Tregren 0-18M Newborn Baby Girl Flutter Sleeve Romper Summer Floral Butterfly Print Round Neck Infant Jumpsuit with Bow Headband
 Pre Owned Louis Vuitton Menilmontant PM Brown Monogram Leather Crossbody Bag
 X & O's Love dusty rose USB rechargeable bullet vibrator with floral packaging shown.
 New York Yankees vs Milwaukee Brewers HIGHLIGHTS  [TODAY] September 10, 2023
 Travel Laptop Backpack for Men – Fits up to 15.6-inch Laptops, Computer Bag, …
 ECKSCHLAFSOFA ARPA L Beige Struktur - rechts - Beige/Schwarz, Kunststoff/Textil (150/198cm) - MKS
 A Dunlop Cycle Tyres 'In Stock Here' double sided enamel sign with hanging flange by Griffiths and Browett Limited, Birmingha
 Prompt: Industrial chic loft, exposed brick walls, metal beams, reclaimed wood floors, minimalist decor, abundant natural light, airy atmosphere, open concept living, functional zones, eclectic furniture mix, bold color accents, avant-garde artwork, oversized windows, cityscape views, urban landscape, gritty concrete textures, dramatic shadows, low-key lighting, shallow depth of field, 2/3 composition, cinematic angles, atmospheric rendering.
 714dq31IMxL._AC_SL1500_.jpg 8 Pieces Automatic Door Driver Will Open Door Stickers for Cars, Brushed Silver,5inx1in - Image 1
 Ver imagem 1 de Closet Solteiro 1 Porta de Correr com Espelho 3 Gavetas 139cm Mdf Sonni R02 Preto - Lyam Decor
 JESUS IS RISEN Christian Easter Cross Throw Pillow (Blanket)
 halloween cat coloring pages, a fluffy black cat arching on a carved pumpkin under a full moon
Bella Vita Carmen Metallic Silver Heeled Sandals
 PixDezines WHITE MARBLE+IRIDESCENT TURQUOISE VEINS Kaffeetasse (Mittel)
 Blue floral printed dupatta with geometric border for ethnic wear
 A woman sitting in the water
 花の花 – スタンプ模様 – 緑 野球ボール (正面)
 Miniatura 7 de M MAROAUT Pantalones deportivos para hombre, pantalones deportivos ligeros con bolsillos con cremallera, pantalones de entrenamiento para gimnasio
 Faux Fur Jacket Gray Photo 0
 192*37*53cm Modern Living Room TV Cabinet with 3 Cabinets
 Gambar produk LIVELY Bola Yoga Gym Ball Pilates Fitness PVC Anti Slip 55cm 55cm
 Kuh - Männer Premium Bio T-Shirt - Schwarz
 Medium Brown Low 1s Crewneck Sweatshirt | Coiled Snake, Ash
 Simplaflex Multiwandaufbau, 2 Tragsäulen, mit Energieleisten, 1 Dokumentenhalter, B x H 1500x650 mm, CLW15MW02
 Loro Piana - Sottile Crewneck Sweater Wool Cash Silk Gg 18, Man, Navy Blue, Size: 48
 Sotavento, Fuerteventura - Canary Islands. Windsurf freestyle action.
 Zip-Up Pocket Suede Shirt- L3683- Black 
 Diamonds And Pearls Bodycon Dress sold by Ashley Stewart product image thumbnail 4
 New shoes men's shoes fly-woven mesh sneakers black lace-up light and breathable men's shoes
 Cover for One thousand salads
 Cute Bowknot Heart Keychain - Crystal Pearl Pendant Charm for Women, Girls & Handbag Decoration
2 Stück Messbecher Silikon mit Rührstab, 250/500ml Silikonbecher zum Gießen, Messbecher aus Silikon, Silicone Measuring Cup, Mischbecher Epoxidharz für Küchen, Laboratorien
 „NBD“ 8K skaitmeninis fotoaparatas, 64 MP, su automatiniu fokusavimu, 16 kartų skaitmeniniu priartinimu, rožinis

-----

Retype the entries above exactly, but only from the line containing "halloween cat coloring" through the line containing "花の花 – スタンプ模様 – 緑 野球ボール (正面)", both included.

Solution
 halloween cat coloring pages, a fluffy black cat arching on a carved pumpkin under a full moon
Bella Vita Carmen Metallic Silver Heeled Sandals
 PixDezines WHITE MARBLE+IRIDESCENT TURQUOISE VEINS Kaffeetasse (Mittel)
 Blue floral printed dupatta with geometric border for ethnic wear
 A woman sitting in the water
 花の花 – スタンプ模様 – 緑 野球ボール (正面)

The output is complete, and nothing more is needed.